Now think about how you thought about it.
If you're a manager you're likely to think about this in terms of breaking the job into manageable segments; thereby layering in your assumptions about process. Most programmers, in contrast, glob onto either the interface or the BI sides of the problem - and think in terms of actual operations within their preferred programming environment.
You get a similar effect when you take a simpler problem: imagine a program to add up all the integers from zero through n.
Did you think in terms of a loop or a formula? More interestingly, did you draw a mental distinction between trivial and non trivial values of N? did you think about non integer input representations?
Marc Rochkind's Advanced Unix Programming was written in 1984 and published in 1985 - by Prentice Hall, the same company subbing for Sun Microsystems Press on today's McDougall and Mauro Solaris Internals book.
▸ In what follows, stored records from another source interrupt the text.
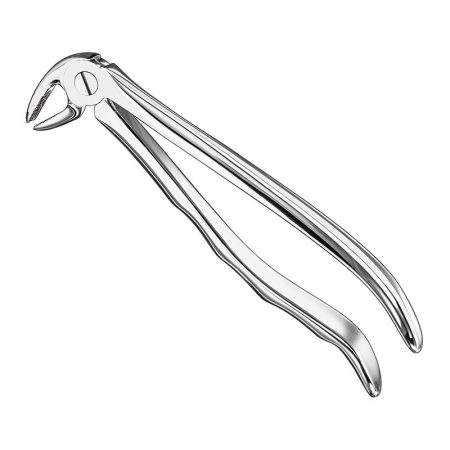 Extracting Forceps Anatomically Shaped Handle Standard/ AI-01-4001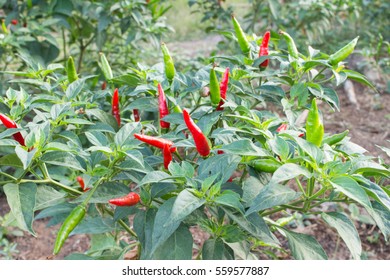 Chilly Peppers Chilly Tree Chilly Plant Stock Photo 559577887 ...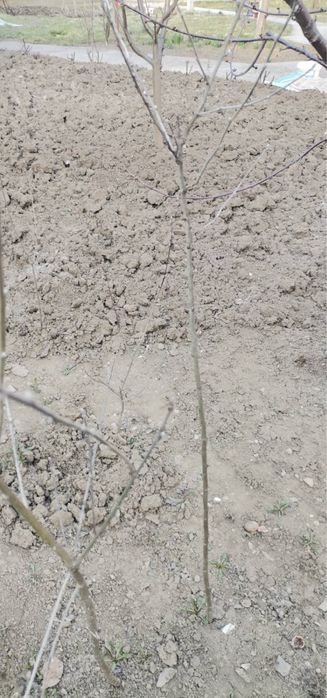 Бобовник  (золотий дощ)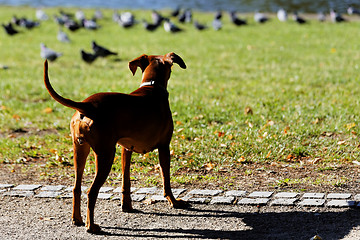 Image showing Dog by  the river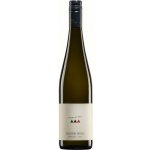 Rainer Wess Kremstal Riesling DAC 2019 12,5% 0,75 l (holá láhev) – Hledejceny.cz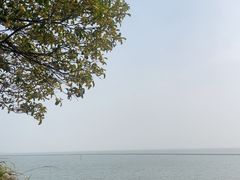 -贡湖湾湿地公园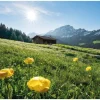 Vlies Fototapete Alpenglück 400x280 cm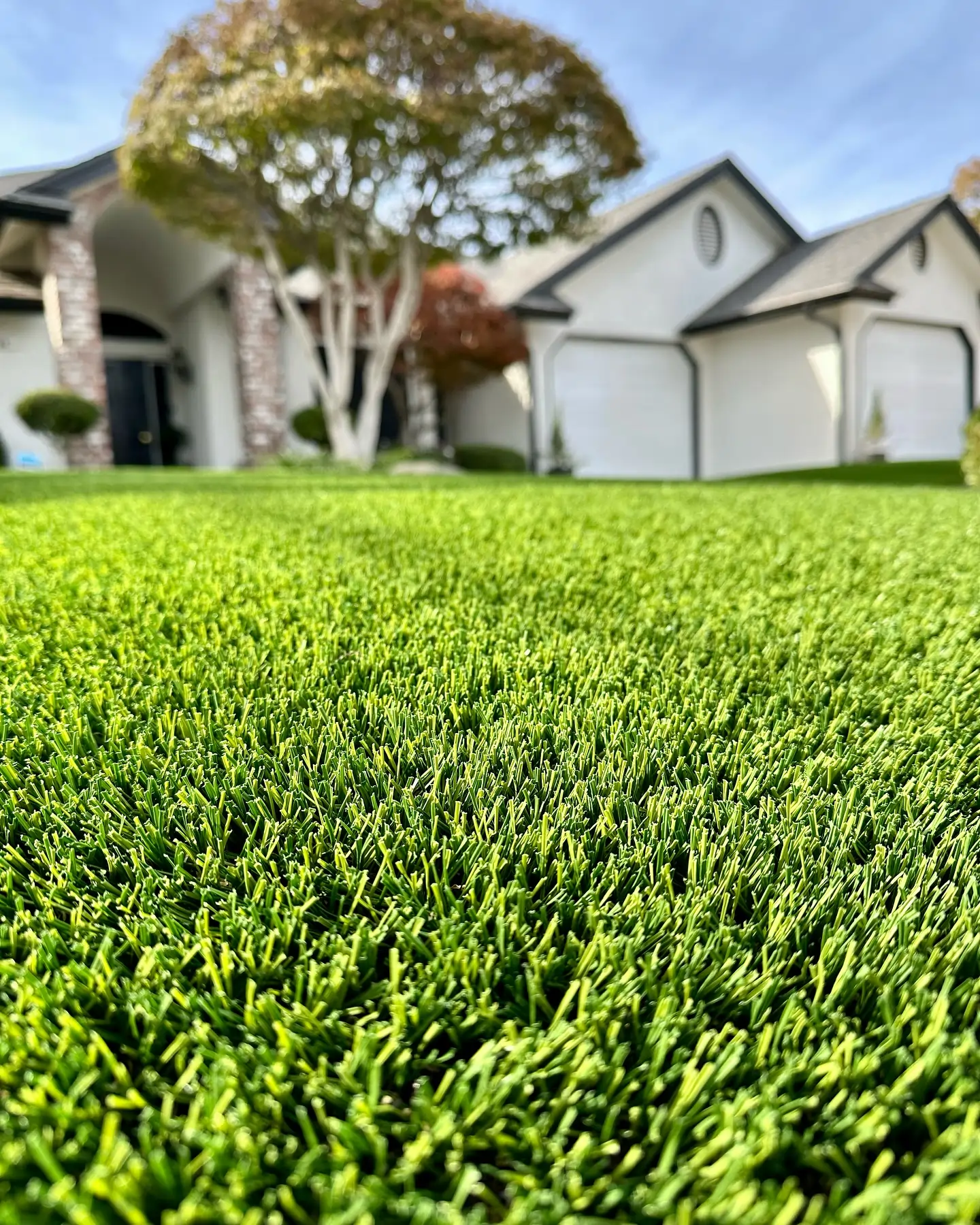 synlawn bay area artificial turf front lawn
These two books have obvious points of comparability: they're both how-to books on Unix internals, they reflect the same core traditions, and both represent the state of the art at the time of publication -although the latter has some second edition confusion and occasionally struggles to bridge the gap between Solaris 2.9 and what should, I believe, be known as SunOS 3.0: Solaris 10.
Look a bit deeper, however, and there's also a more subtle commonality - the use of C to tie much of the discussion to the reality of actual OS programming practice and, more importantly, the influence C has had on the way the authors of both books think about Unix in general and each algorithm used in particular.
Like English, or any other spoken language of reasonable complexity. C influences how C users think about problems - affecting everything from the overall organization of these books to the specific examples selected. What that leads to is an interesting question: would Unix be Unix if it were written in something else?
(Interestingly -although it's irrelevant to this discussion- I noticed these unfortunately prophetic words: "Unix is rich enough so that two programmers are likely to come with vastly different solutions to the same problems" in Rochkind's introduction - suggesting that two programming teams who come up with the same solutions probably share something more than language and problem - a subject, I hope, for another day.)
I think the answer is No; the language fits the underlying OS design and has co-evolved with it. Thus examples from the 1984 Ritchie and Kernighan The C Programming Language work today - and the ideas, if not the details, in Rochkind's work generally do too - but even trying to think about this stuff in terms of a non C like language is like imagining yourself entering freeway traffic riding an elephant.
Language <--> OS conceptual consistency has been of benefit to Unix, and is a big issue for others: in fact, I've often thought that Apple's original MacOS should have been written on hardware built for LISP (dedicated LISP machines were built, but Apple ignored them) - and that designing the IBM 360 as an instruction set processor was probably the key decision dooming it to commercial success and scientific irrelevance from day one.
If in programming as in so much else, the medium really is the massage [not message], we could reasonably make an odd prediction: that stuff written in C++ should be less well organised, less general, and less efficient than stuff written in C - and that has an interesting corelary because it suggests that Java is an intellectual fit with Windows, but not Unix.